(Records drawn from a dataset)
>>
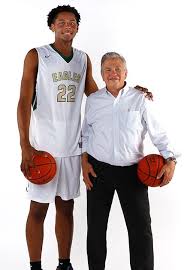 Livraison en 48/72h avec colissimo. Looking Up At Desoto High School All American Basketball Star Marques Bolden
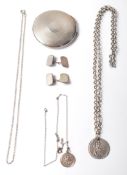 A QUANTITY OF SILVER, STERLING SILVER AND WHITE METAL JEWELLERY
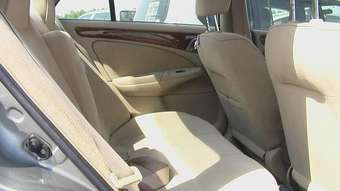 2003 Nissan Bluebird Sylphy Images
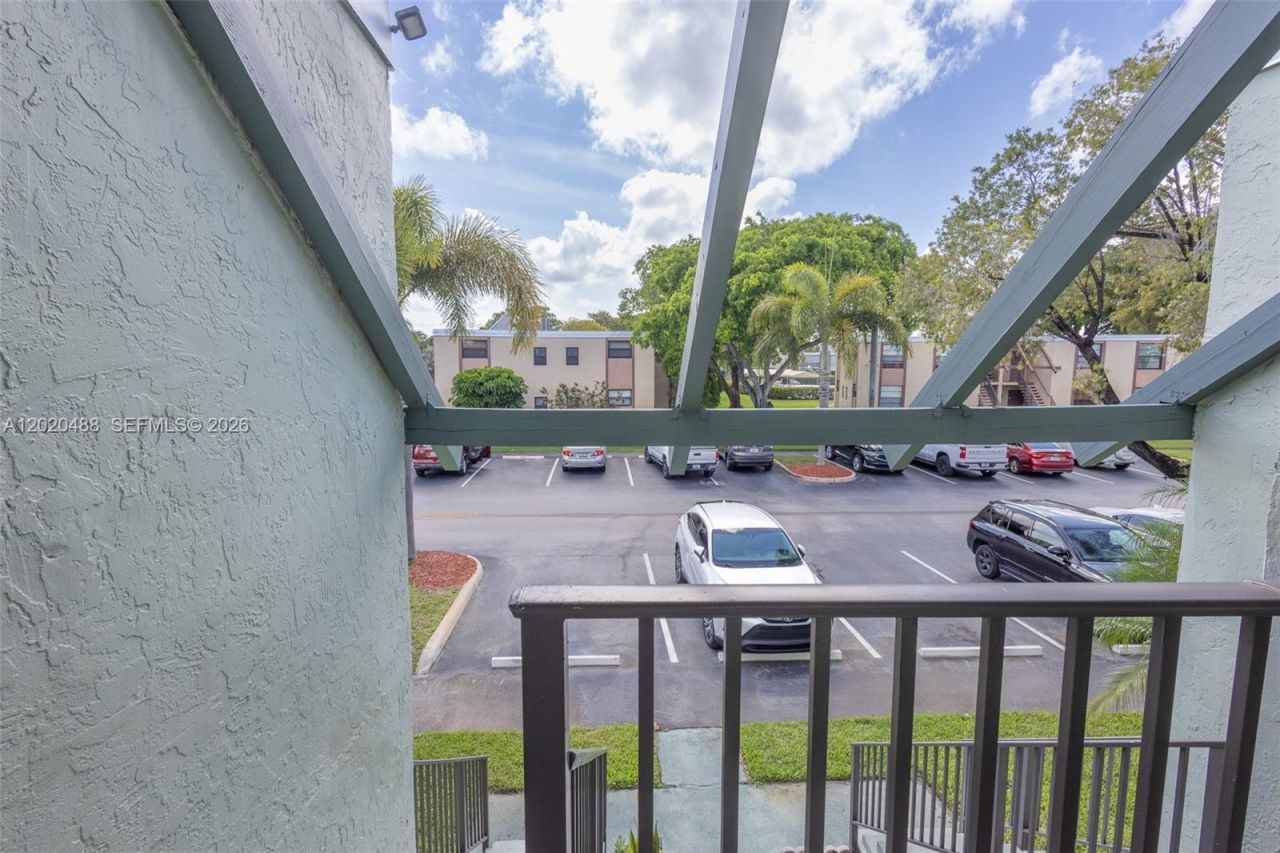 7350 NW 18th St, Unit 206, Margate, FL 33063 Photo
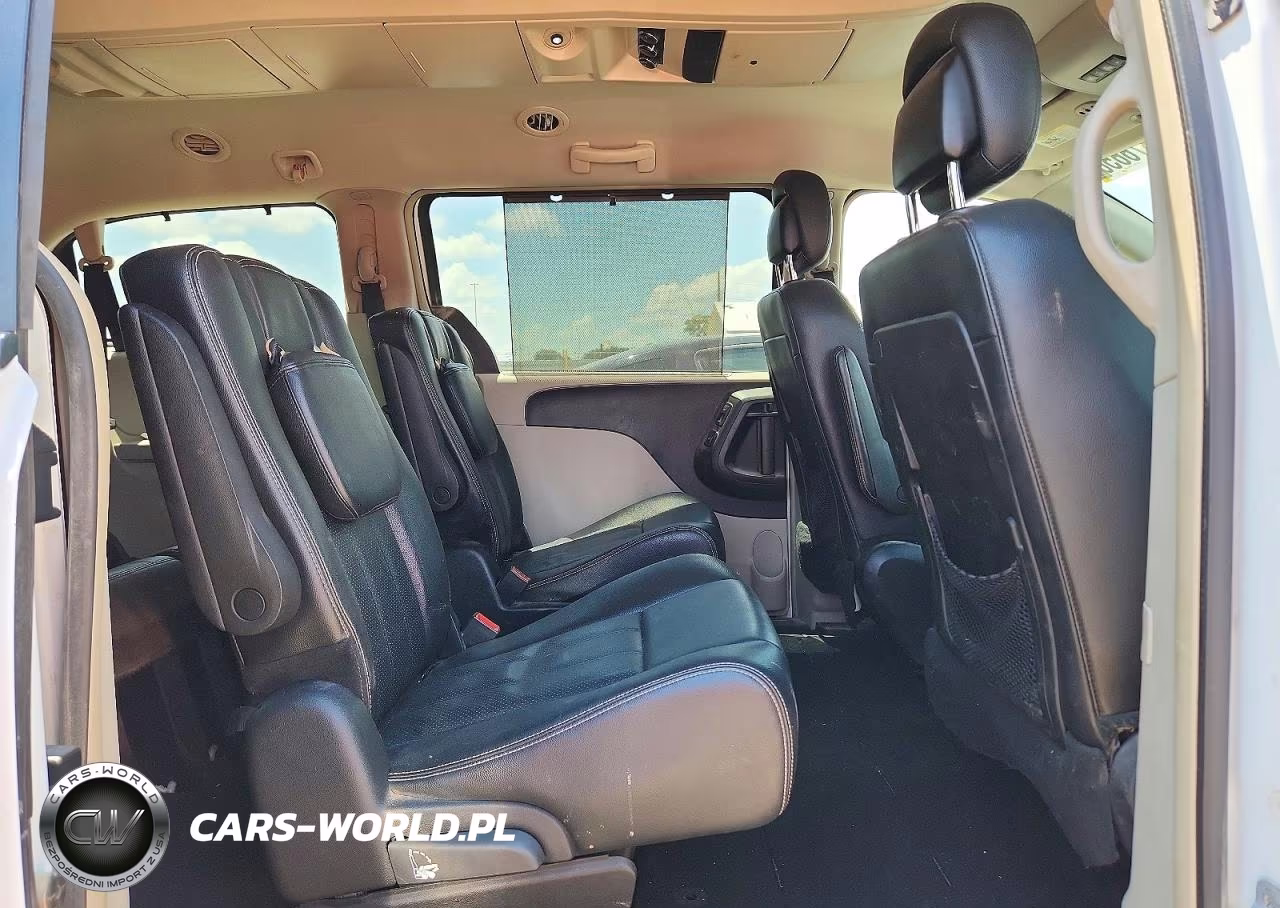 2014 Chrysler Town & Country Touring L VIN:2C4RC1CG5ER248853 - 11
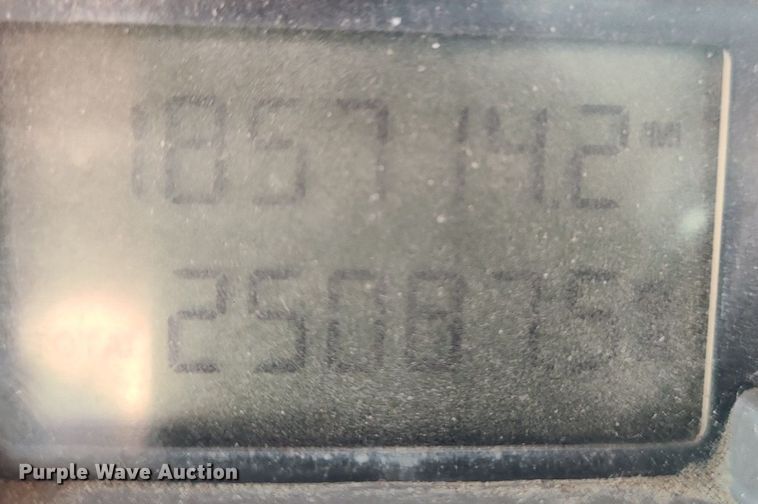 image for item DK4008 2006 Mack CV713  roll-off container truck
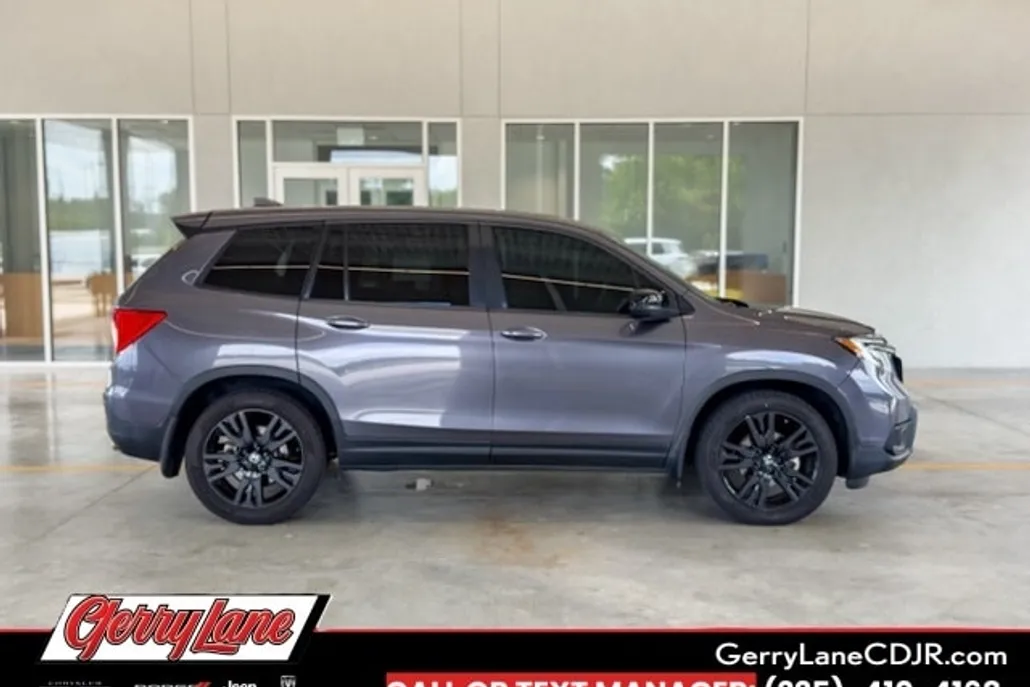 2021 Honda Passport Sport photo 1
<<
What you should do: Retype, please, exactly the lines that begin with the one containing "A QUANTITY OF" and end at the last line of the entries above, both included, leaving out pictures.

Exercise response:
 A QUANTITY OF SILVER, STERLING SILVER AND WHITE METAL JEWELLERY
 2003 Nissan Bluebird Sylphy Images
 7350 NW 18th St, Unit 206, Margate, FL 33063 Photo
 2014 Chrysler Town & Country Touring L VIN:2C4RC1CG5ER248853 - 11
 image for item DK4008 2006 Mack CV713  roll-off container truck
 2021 Honda Passport Sport photo 1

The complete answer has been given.